The party of socialist revolution can not fulfill its historic purpose if it is shaped under a multi-class concept that ultimately subordinates all classes, social strata and sectors of popular character to the interests of dominant economic bloc within the respective organization. The limitations of this type of party are well known in our history: the revolutionary character of the party is diluted, the anticapitalist interests of the working people are subordinated to the interests of capital based on rearrangements, concessions and handouts, the class struggle as a mechanism of transformation is substituted by class conciliation in order to stabilize the system, the revolution is replaced by the reform, the historical horizon of socialism and communism, with which only the working class is organically linked, blurs.
Thus, our party fixed position and made contributions to the debate then open around the character of the party needed by the Venezuelan revolution. In this 13th Extraordinary Congress, the PCV reaffirmed its status as the revolutionary party of the working class, based on the scientific theory of Marxism-Leninism, as assumed from its founding in 1931 and, using this theoretical and methodological tool, designed a political line based on the need to resolve the main contradiction of the historical moment, between the hegemonic interests of imperialism and the Venezuelan nation and the fundamental and irreconcilable contradiction present in capitalist society between capital and labour . Hence the need for the working class, with his party and its revolutionary ideology, to take the forefront in the struggle for national liberation and socialism in the communist perspective.

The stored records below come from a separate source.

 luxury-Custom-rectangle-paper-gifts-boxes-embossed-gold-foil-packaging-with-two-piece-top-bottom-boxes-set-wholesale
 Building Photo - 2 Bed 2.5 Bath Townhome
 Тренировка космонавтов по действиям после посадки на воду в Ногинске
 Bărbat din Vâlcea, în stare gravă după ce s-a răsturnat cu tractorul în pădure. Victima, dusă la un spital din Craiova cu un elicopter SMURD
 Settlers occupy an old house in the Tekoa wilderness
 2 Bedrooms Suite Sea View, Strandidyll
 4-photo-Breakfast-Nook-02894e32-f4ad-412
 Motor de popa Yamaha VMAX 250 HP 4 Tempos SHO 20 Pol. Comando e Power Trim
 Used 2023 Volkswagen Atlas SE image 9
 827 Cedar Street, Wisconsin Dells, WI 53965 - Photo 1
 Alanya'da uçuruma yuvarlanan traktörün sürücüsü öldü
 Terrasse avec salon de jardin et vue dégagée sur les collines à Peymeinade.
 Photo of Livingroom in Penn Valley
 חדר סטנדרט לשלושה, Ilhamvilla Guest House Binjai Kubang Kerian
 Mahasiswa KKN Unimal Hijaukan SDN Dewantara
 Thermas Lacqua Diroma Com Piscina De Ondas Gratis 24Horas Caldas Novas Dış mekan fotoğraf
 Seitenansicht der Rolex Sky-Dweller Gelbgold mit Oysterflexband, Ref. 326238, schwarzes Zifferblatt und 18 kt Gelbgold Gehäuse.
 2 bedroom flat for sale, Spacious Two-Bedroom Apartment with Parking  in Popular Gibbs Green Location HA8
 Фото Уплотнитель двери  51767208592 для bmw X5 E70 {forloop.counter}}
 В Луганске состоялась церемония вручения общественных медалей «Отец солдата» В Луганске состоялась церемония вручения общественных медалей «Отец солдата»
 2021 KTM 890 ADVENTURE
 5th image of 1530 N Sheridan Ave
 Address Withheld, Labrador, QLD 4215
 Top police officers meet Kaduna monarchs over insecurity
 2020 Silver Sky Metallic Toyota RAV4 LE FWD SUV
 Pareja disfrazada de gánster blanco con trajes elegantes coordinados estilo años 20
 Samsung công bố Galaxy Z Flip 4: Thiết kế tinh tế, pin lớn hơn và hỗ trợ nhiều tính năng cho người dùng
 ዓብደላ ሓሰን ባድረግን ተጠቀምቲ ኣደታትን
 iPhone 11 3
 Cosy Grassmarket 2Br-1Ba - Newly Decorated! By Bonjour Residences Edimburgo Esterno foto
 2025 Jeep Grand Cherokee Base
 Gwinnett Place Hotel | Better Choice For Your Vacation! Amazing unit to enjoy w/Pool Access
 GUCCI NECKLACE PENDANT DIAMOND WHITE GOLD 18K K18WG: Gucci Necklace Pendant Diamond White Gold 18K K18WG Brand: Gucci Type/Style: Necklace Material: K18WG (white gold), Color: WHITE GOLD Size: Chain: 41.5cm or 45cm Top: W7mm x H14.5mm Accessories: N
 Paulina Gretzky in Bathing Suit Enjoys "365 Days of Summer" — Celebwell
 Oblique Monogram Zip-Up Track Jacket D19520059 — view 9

A dialectical political line: anti-imperialist alliance and the need for a correlation of forces under the leadership of the working class

Based on the characterization that our party makes about the Venezuelan revolutionary process, particularly in its current stage, we have proposed the need to establish a Wide Anti-imperialist and Patriotic Front, involving the whole political and social factors that coincide in the need to confront and defeat imperialist domination and conquer our full national liberation
Precisely for this reason, simultaneously we advocate the creation of a Popular Revolutionary Bloc (BPR), necessarily confined to those who propose the complete abolition of the system of capitalist exploitation and, therefore, can not include absolutely any faction of the bourgeoisie or any organization that expresses their interests
The communists struggle for the Popular Revolutionary Bloc to be led by the working class, so that in the context of heightened class struggle, it can consistently assume the social and political battle against the domination of capital and the establishment of a revolutionary popular-democratic state that opens the way towards the building of genuine socialism with the working class acting as the vanguard. Building a Popular Revolutionary Bloc is of crucial importance for the working class in its struggle for power, as stated comrade Antonio Gramsci in 1926, consistent with the Leninist thought and with a full relevance for the Venezuelan communists today: “The proletariat can become dominant and ruling class to the extent that it manages to create a system of class alliances that can mobilize most working people against capitalism and the bourgeois state.